The interaction (bottom) p-value does reaffirm that these three species have the same slope (and are, thus, parallel). Given that the lines are parallel it is possible then to perform the equal intercepts test. The hypotheses for equal intercepts test are

- H
_{0}: μ_{ED}= α + βDW - H
_{A}: μ_{ED}= α + βDW + δ_{1}SB + δ_{2}WF

- Equal intercepts tests were described in this video.

The p-value for the factor variable (p=0.0003; i.e., the second line) is less than α and, thus, the H_{0} for the equal intercepts test is rejected. Thus, there is a difference in intercepts among these three species. The following video explains what we should do to indentify which pairs of intercepts are different.

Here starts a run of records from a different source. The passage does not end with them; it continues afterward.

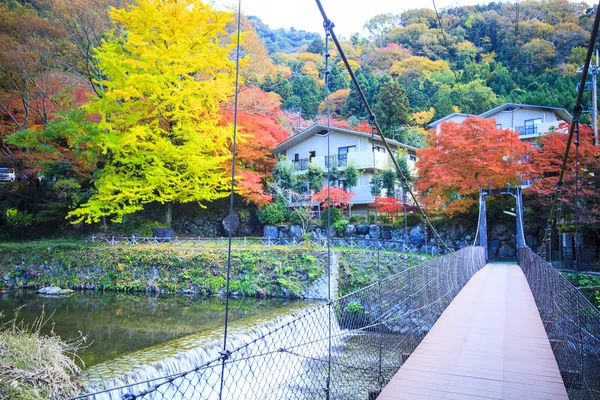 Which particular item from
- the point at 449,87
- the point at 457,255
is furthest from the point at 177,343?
the point at 449,87

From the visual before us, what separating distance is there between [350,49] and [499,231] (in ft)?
80.6

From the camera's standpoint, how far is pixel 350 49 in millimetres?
36594

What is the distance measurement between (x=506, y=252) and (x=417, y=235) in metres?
4.03

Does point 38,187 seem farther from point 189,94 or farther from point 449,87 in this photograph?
point 449,87

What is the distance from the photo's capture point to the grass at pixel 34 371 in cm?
381

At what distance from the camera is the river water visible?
24.5 feet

The results of `compIntercepts()`

below were shown in the video.

`> compIntercepts(lm2,common.cov=0)`

```
Warning: Removed an interaction term from 'mdl' (i.e., assumed
parallel lines) to test intercepts.
```

`Tukey HSD on means adjusted assuming parallel lines`

```
comparison diff 95% LCI 95% UCI p.adj
1 stripedbass-bluefish 0.6313980 0.2911082 0.9716878 0.0001843341
2 weakfish-bluefish 0.5064749 0.1445318 0.8684180 0.0044160914
3 weakfish-stripedbass -0.1249231 -0.4808922 0.2310461 0.6693967026
```

```
Mean ed2 when dw=0
```

```
bluefish stripedbass weakfish
-2.752451 -2.121053 -2.245976
```

The top of this output shows that the intercept for Bluefish differs from the intercepts for the other two species (top two p-values), which do not differ (bottom p-value). The bottom of this output shows the estimated intercepts for the three species. This bottom output is not particularly interesting because it shows the mean energy density when the percent dry weight is 0 (because `common.cov=0`

), which is not useful.

If the `common.cov=0`

argument is removed then `compIntercepts()`

will show the mean energy density at the mean percent dry weight, which is more useful. Given that the lines are parallel, differences at any value of X will be the same as when X=0. Thus, the top portion of the output did not change.

`> compIntercepts(lm2)`

```
Warning: Removed an interaction term from 'mdl' (i.e., assumed
parallel lines) to test intercepts.
```

`Tukey HSD on means adjusted assuming parallel lines`

```
comparison diff 95% LCI 95% UCI p.adj
1 stripedbass-bluefish 0.6313980 0.2911082 0.9716878 0.0001843341
2 weakfish-bluefish 0.5064749 0.1445318 0.8684180 0.0044160914
3 weakfish-stripedbass -0.1249231 -0.4808922 0.2310461 0.6693967026
```

```
Mean ed2 when dw=26.10526
```

```
bluefish stripedbass weakfish
5.828663 6.460061 6.335138
```

These results are visualized with the following fitted line plot.

```
> fitPlot(lm2,xlab="Dry Weight",ylab="Energy Density (kJ/g)",
+ legend="topleft",cex.leg=0.8)
```

## Relationships Test

Finally, it should be noted that the top p-values in the ANOVA table when the lines are parallel is the so-called “relationships test.” Specifically, it tests whether a relationshiph exists between the response variable and the covariate. It should only examined if the lines are parallel because when the lines are parallel then the relationship between the response variable and the covariate differs depending on the group being examined.

The ANOVA table above clearly shows that there is a relationship between the energy density of the fish and the percent dry weight.